Some actresses are so supportive of our Sapphic community, they dedicate major time to playing lesbian roles on TV and film. (See: Julianne Moore, Evan Rachel Wood, Mandy Musgrave, Heather Graham.) Sure, some might get typecasted or pigeonholed, but they surely embrace our fandom. We’re the most dedicated group around!

So I ask you, this week: Who is your favorite straight actor who has went gay for pay more than once? It seemed to be pretty easy for us, so I imagine it’ll be just as easy for you playing at home.

Drummerdeeds: When Olivia Wilde was the bleach-blonde Alex Kelly who romped around in the O.C. sand with Marissa the spoiled brat, she made me bi-curious.

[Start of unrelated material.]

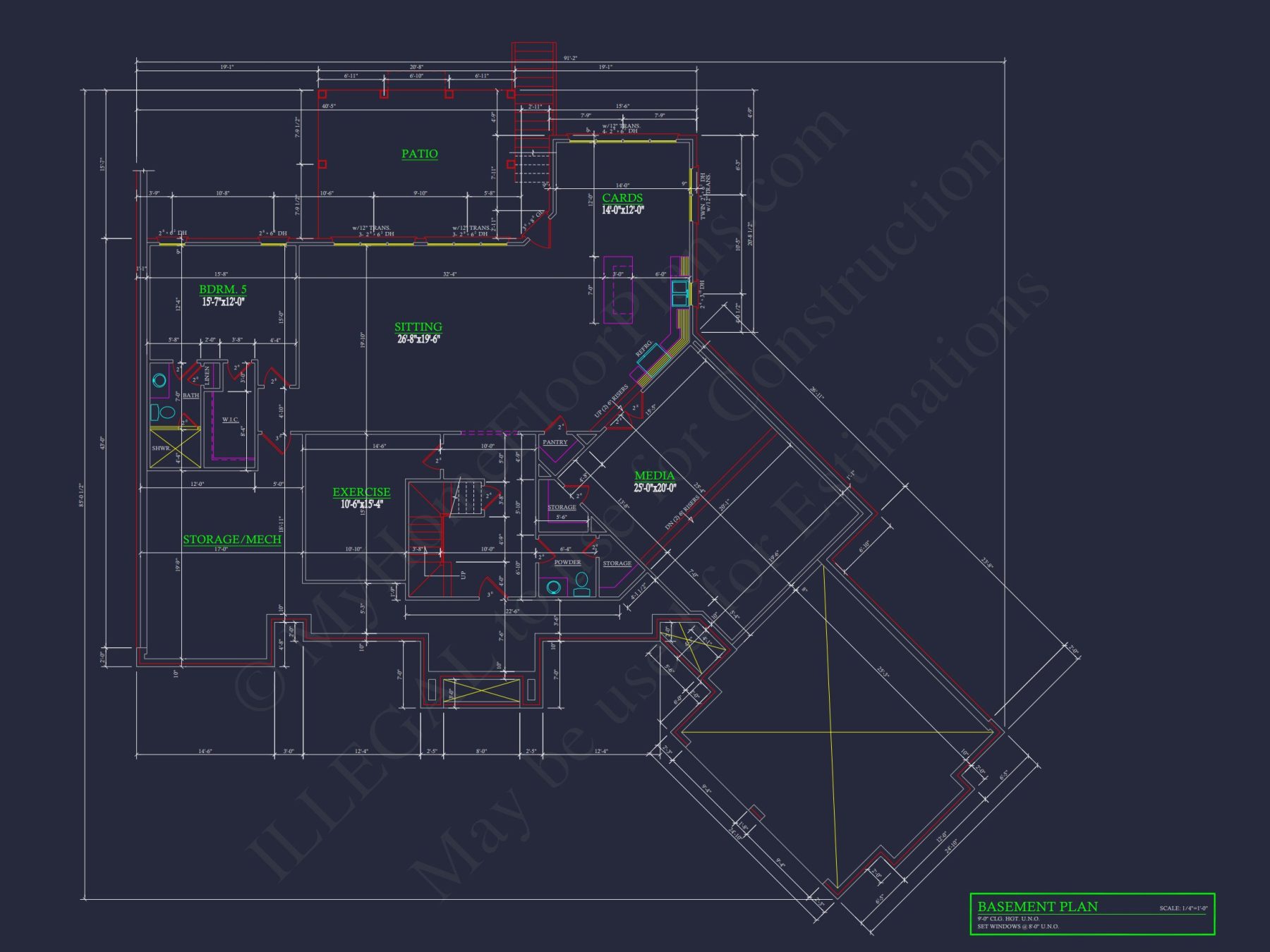 Luxurious house Plan with Floor Plans, CAD Blueprints, and Designs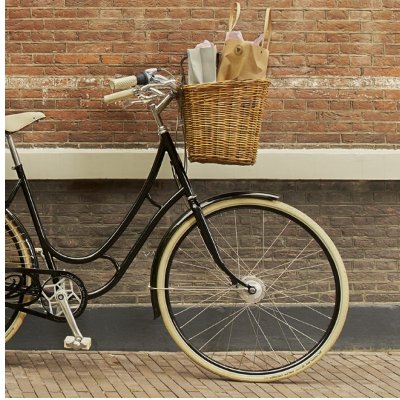 Panier vélo hollandais Basil avant amovible en métal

By the time she was the suspender-wearing, sexually fluid Thirteen on House, I was a full-blown lesbo. See a correlation here? Obvi.

I take my hat off to Ms. Wilde for playing a girl who plays for our team on the small screen and being so damn convincing. Bravo!

Dorothy Snarker: Thanks to Lena Headey, lesbians everywhere now have a thing for florists.

What is so wonderful about Lena (besides being the sexiest scowler in the business) is that she plays gay so often and effortlessly. She was the lesbian partner to a Victorian poet in Possession, she was Clarissa’s first love in Mrs. Dalloway — she was even a gay dominatrix om the gritty British miniseries Band of Gold.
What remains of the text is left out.